§ **YOUR INSTRUCTIONS**
All entries below must be retyped exactly, though pictures are to be skipped.

§ **DATA TO EXAMINE**
⁂

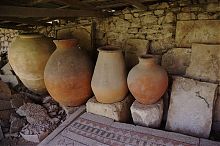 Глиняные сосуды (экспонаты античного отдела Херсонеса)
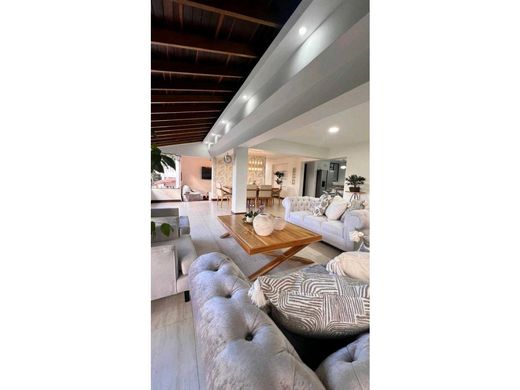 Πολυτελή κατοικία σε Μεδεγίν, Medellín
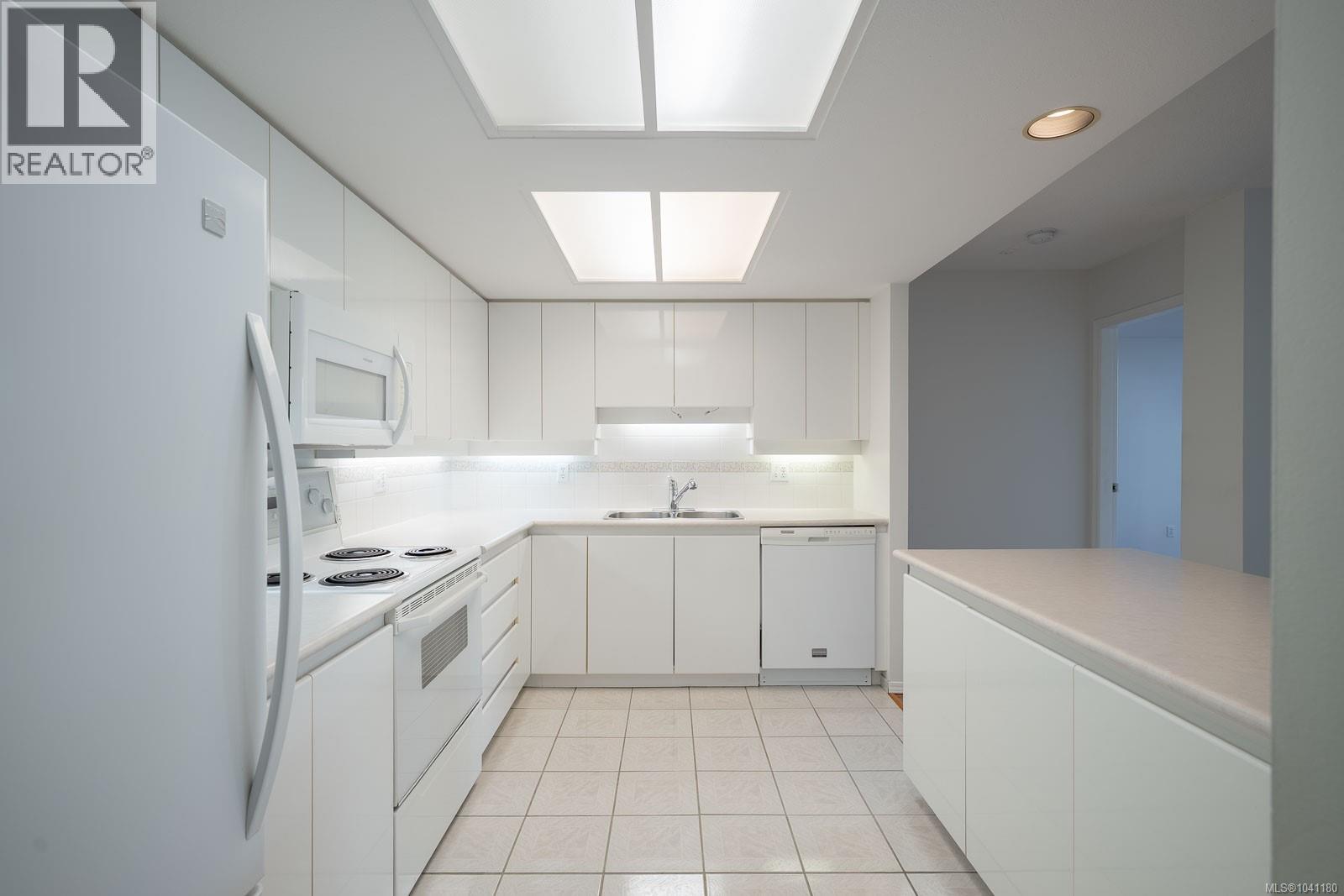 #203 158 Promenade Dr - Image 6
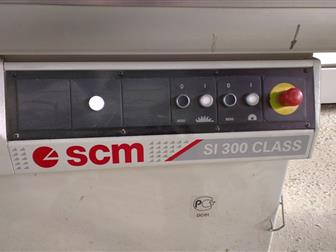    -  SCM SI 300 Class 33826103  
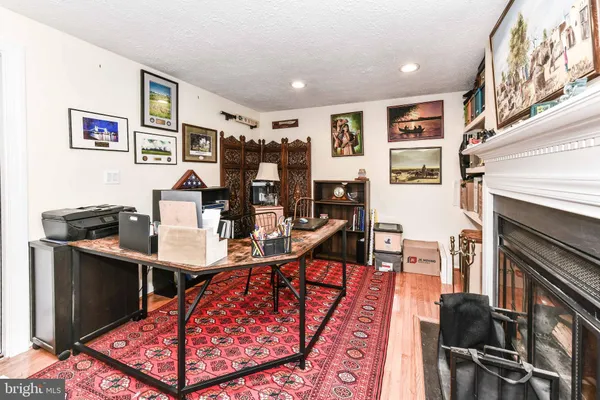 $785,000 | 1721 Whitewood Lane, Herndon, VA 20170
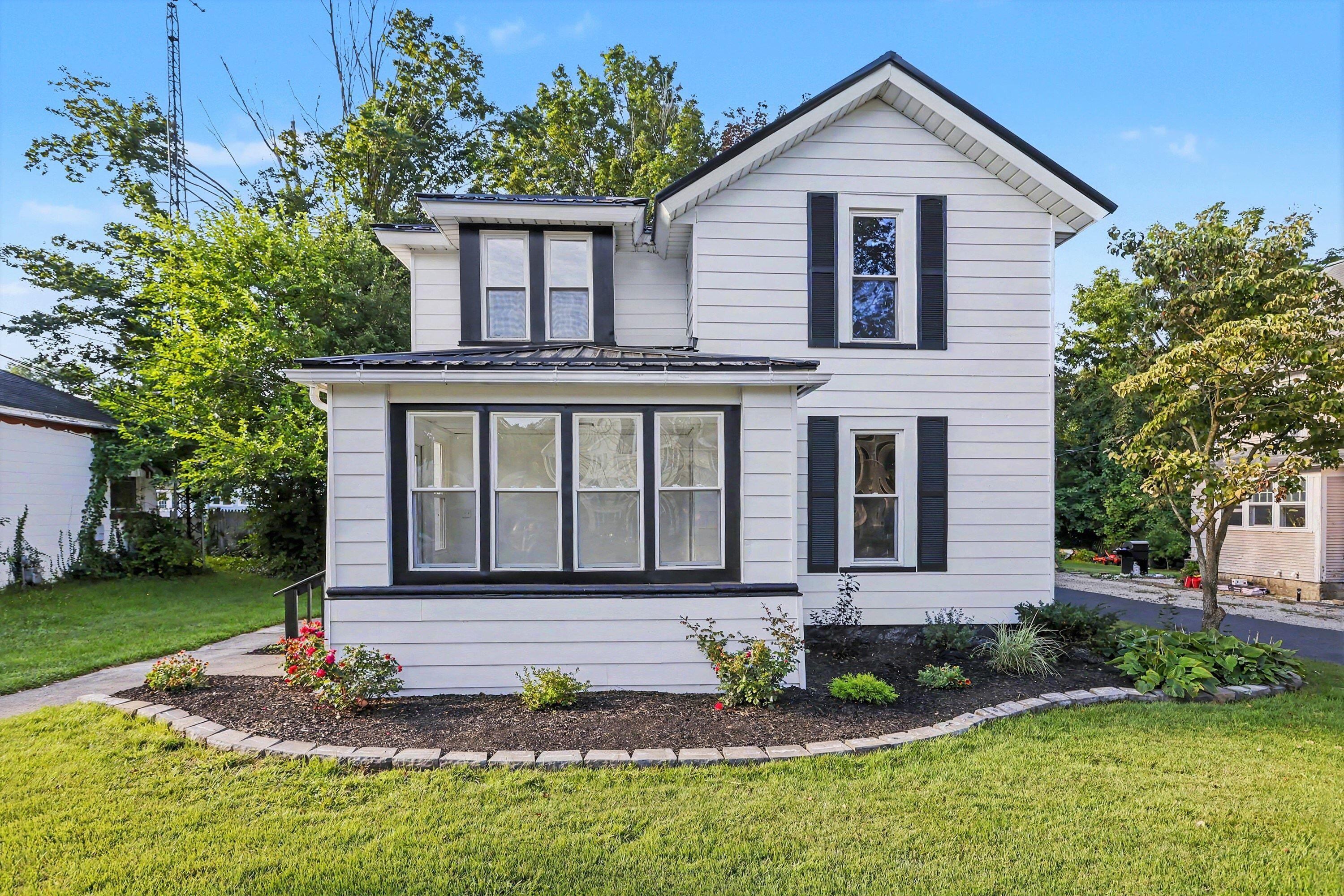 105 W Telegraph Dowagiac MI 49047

⁂

§ **RESPONSE AREA**
 Глиняные сосуды (экспонаты античного отдела Херсонеса)
 Πολυτελή κατοικία σε Μεδεγίν, Medellín
 #203 158 Promenade Dr - Image 6
    -  SCM SI 300 Class 33826103  
 $785,000 | 1721 Whitewood Lane, Herndon, VA 20170
 105 W Telegraph Dowagiac MI 49047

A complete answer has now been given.